- [Exercise material]:
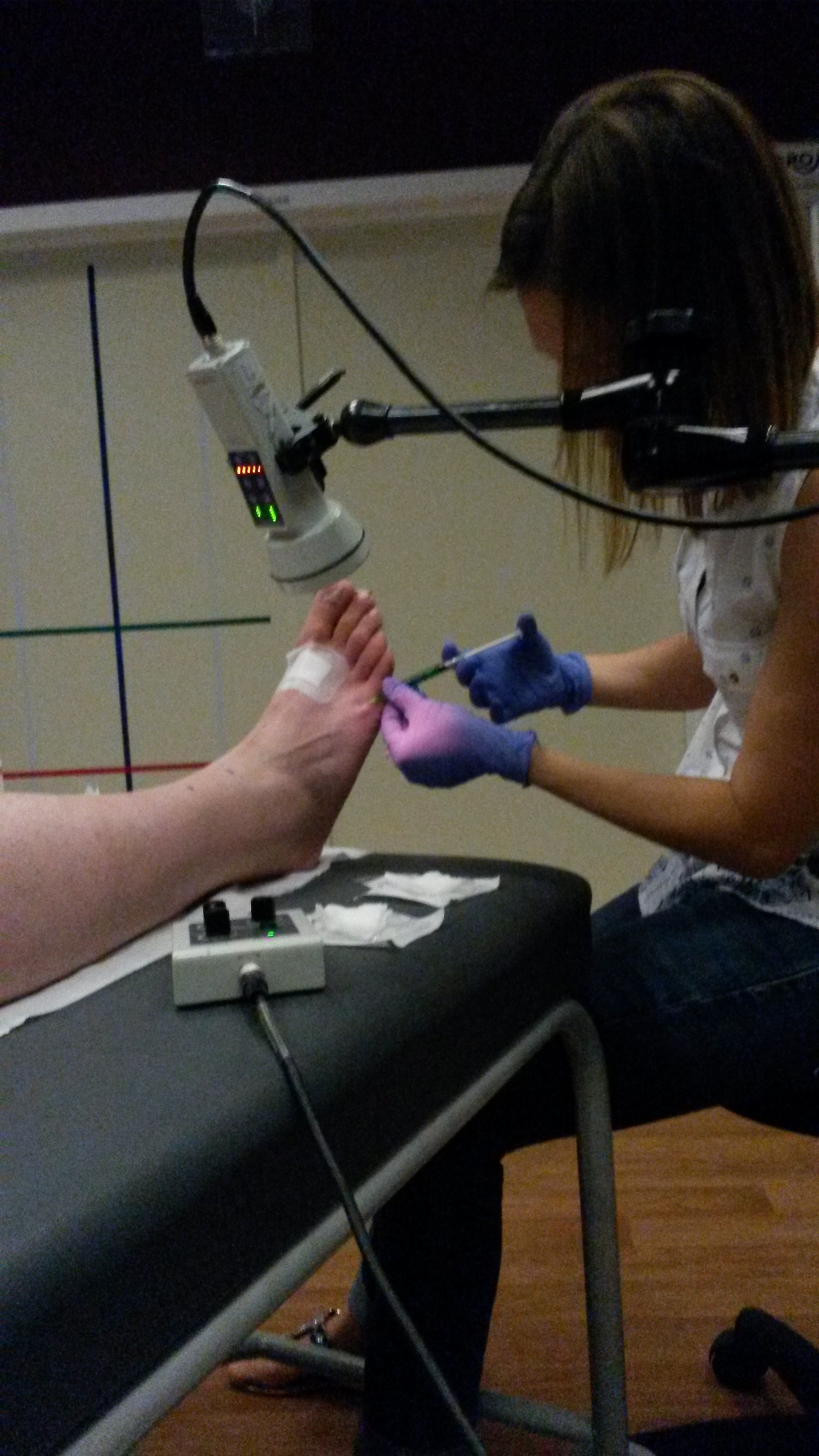 Injektion des Farbstoffs Indocyaningrün 20150811 103506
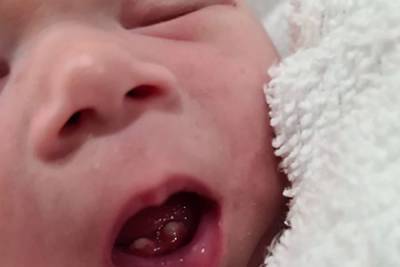 Девочка родилась сразу с тремя зубами и удивила родителей и врачей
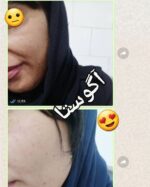 نمونه استفاده از کرم اگوستا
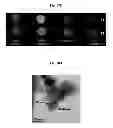 Fig. 23 - Dopamine nanocapsules and uses thereof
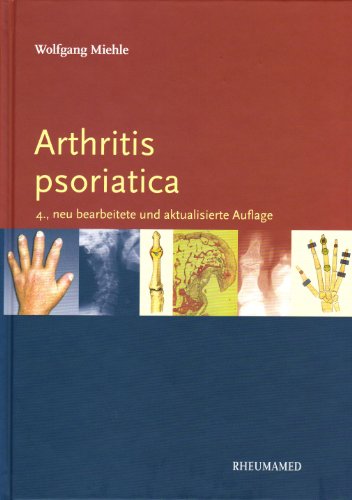 Beispielbild fr Arthritis psoriatika zum Verkauf von medimops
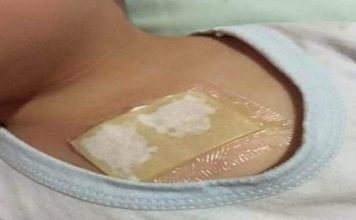 Ovaj kućni lijek rastvara sluz u plućima i oslobađa kašlja. Preko noći uklanja i najteži kašalj, te čisti pluća od nakupljene sluzi!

- [Work instructions]: Every record is to be reproduced exactly, with no pictures included.

- [Answer to the problem]:
 Injektion des Farbstoffs Indocyaningrün 20150811 103506
 Девочка родилась сразу с тремя зубами и удивила родителей и врачей
 نمونه استفاده از کرم اگوستا
 Fig. 23 - Dopamine nanocapsules and uses thereof
 Beispielbild fr Arthritis psoriatika zum Verkauf von medimops
 Ovaj kućni lijek rastvara sluz u plućima i oslobađa kašlja. Preko noći uklanja i najteži kašalj, te čisti pluća od nakupljene sluzi!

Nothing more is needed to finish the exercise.